La tarde pasó lenta y me pareció que corrieron meses para que llegara la hora de prepararnos para el show que comenzaba a las 7:30 p.m. Era El Pájaro de Fuego. Ese ballet ruso me encantaba porque desde chico me gustaban las historias de príncipes y doncellas. Mi papel era de Kikimora, un personaje grotesco, con una máscara de monstruo, que representaba a un espíritu maligno que hacía movimientos fuertes. No era un papel principal porque estaba apenas en el cuerpo de baile, pero lo preparé como si fuera a ser el príncipe Iván. Era mi día. Había ensayado miles de horas desde niño para ese momento.

A las 6:45 p.m. empecé a prepararme para el espectáculo y me encontré con Vito, Vito Mazzeo, un bailarín italiano, uno de los pocos amigos que tenía en la compañía.

—¿Estás bien, Fernando? —me dijo. Tal vez mi rostro reflejaba algo que no podía ver.

—Sí, estoy bien. ¿Has visto a Venus? Está un poco extraña —le pregunté.

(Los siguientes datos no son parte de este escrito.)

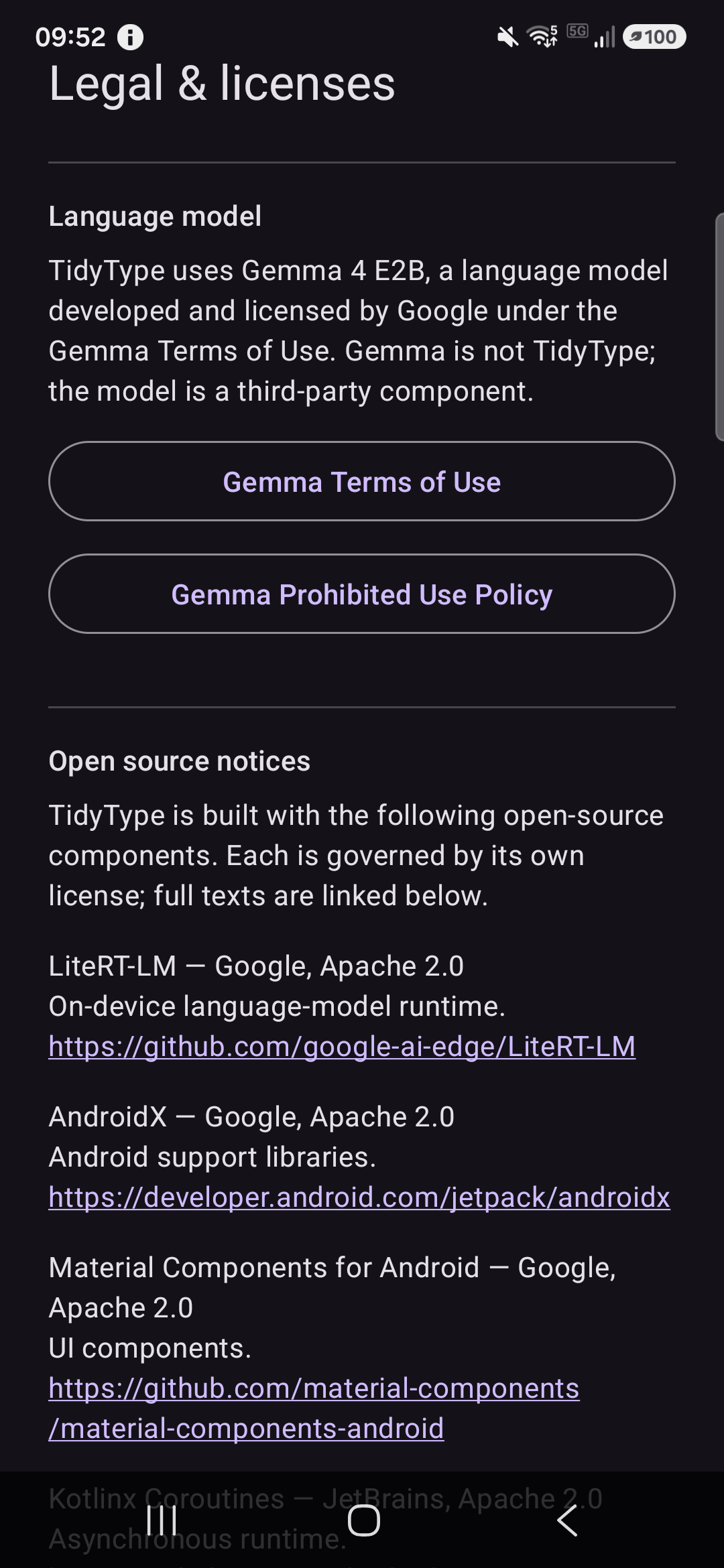 The Legal & licenses screen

—No te preocupes, ella está bien —me respondió.

Seguí la rutina. Mientras me ponía el vestuario y las zapatillas cayó sobre mí una lluvia de recuerdos. La brisa marina, el faro, el tren, el olor de arroz con coco de mi madre, los partidos de fútbol descalzo. Mi familia. Mi mamá diciéndome que no mirara atrás. Las filas en las paradas de buses en Cuba y el pan de la bodega, la soledad, mi abuela cosiendo mis trajes de ballet. Toda mi vida se me vino en fragmentos mientras me vestía y estiraba mis músculos. Venus también se alistaba cerca y no me hablaba.

Cuando estaba listo y comenzaron los anuncios para la función, alcancé a ver por entre los telones las graderías del teatro. Todas las entradas estaban vendidas, como siempre, con meses de anticipación. Los palcos, colmados. Todo brillaba. El rojo y el dorado del escenario resplandecían con las luces como un cofre mágico del que salían destellos de diamantes y rubíes que lucían las mujeres del público. No lo podía creer, así lo había imaginado.

Sonó la música de la orquesta que estaba en el foso y el espectáculo empezó. Cuando el show comienza me olvido de todo, salgo al escenario y sigo la música. Tengo grabado cada movimiento de mis músculos, cada paso. Traté de mirar a Venus para ver cómo estaba bailando, por si notaba algún gesto en ella que me mostrara que algo no estaba bien, pero la vi muy tranquila. La función terminó sin sobresaltos.

Lo hice bien, no me equivoqué en ningún movimiento. Respiré. Volví a la realidad, volví a nacer. Como siempre, sudaba a chorros. Era el primer colombiano, además negro, en bailar en el Royal. Le agradecí a Dios, a mi madre, a mi familia. Nos retiramos del escenario y cayeron los aplausos desde todos los rincones del teatro.

Para mis compañeros se trataba de una presentación más, pero para mí era especial. Estaba feliz, sentía que lo había hecho muy bien, que había bailado espectacular, que lo había dado todo. Cuando iba camino a mi camerino, en los corredores del teatro, apareció Carlos Acosta, el gran bailarín cubano que me ayudó a conseguir la audición y quien estaba tras bambalinas esperando el final del espectáculo. Me dijo con su voz gruesa y su acento isleño que lo acompañara a la oficina de la directora de la compañía, que tenían que hablar conmigo. Él estaba con su amigo cubano Ruswel, quien nos acompañó.